For the listing below, print exactly the lines from the line with "Hilton Garden Inn" to the line with "Tanques da Petrobras", both included, and nothing beyond them.

Segment Start: Exercise material

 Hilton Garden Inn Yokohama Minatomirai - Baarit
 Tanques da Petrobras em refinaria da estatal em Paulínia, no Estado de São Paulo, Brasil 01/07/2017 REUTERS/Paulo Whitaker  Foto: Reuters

Segment End: Exercise material
Segment Start: Exercise material

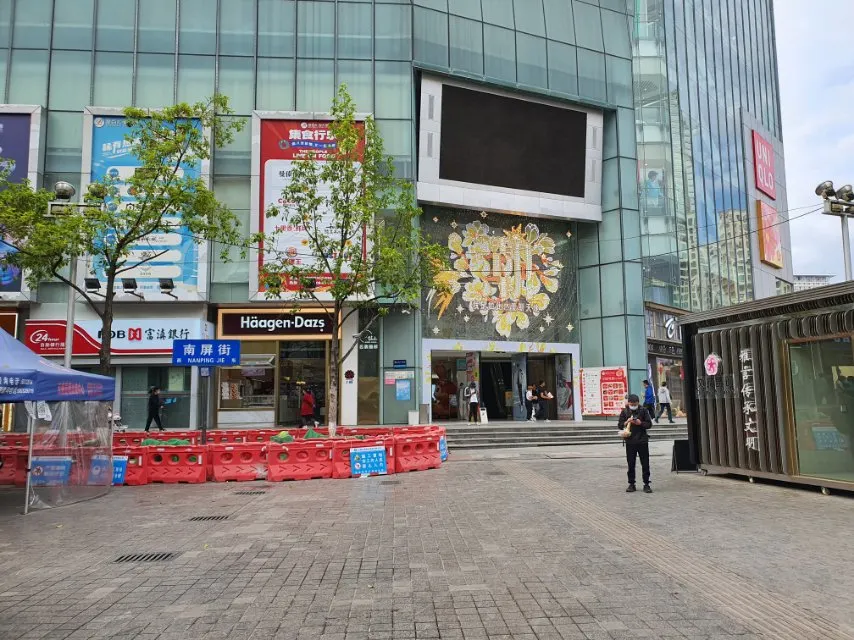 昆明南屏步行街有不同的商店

Segment End: Exercise material

**Written response:**
 Hilton Garden Inn Yokohama Minatomirai - Baarit
 Tanques da Petrobras em refinaria da estatal em Paulínia, no Estado de São Paulo, Brasil 01/07/2017 REUTERS/Paulo Whitaker  Foto: Reuters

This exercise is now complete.